Letters to the editor should be less than 250 words and sent to email@example.com along with your address and phone number for our files (not for publication). We welcome letters on all topics and will print as many as space allows, with priority given to timely local issues, received before Friday at 5 pm.
Letters can address articles or opinion pieces in EW or bring up topics EW readers need to know about that have not been addressed in the paper.
Please send your letter in the body of your email. For those who prefer not to use email, fax to 541-484-4044 or mail to 1251 Lincoln, Eugene 97401. Though we recognize that many people EW and the community need to hear from do not have access to a computer, if we have to type your letter for you, it may delay publication.
Letters must include a full, real name and address. If you do not have an address, please supply a means to confirm your identity. We do no print anonymous letters unless the person writing has a genuine fear of reprisal, which the letter writer must explain. In limited circumstances we will print a pseudonym if the person is known and operates by that name in the community at large.
Local and Vocal viewpoints and columns for the Eugene Weekly run based on timeliness, concern to the community and as space allows and focus on local issues, local angles on national or international issues, or issues that are of clear concern to the Eugene-Springfield community.
Opinion pieces should come in at 500-750 words and be sent to firstname.lastname@example.org marked viewpoint in the subject line.
We give priority to pieces that have not been submitted elsewhere, and we do not run viewpoints that have already run in or been submitted to other publications. We prioritize voices of people who are not heard and particularly welcome submissions from people of color and female-identifying and gender nonbinary writers.

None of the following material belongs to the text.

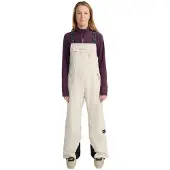 O'Neill O´riginals Bib Loose Housut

Opinion pieces should be accompanied by a short one- to two-line bio. Viewpoint writers should submit a headshot and or a photograph or image to possible accompany the piece. We only run opinions from named people, not businesses or organizations. If you are writing a piece about an event, concentrate on the issues, not what you are promoting.
When writing a viewpoint or column, consider how to make your main point clear to an audience who may either be reading quickly on a bus or sitting down with the paper for an in-depth perusal.
Once you establish what point you are making or what you want your reader to take away from what you write, think about how best to accomplish that goal and how to get to it quickly an concisely. Know what you want to say and have a clear position.
Your opinion is your own, your facts must be well-researched, sourced and real. If you point out a problem, readers like it if you propose a solution.
Strategies include drawing your reader in by setting a scene, telling a short narrative or giving key facts or numbers. Then follow with a clear thesis statement as the goal of a viewpoint is to persuade and the goal of a column is either to persuade or to tell a story with a relevant point.
We recommend showing your piece to a friend or writer before submitting and asking them what they see as the main point to ensure the point of your opinion piece is clear to readers.
Having your viewpoint or column accepted for publication does not assure immediate publication. Your viewpoint will be edited for style and grammar via Google doc.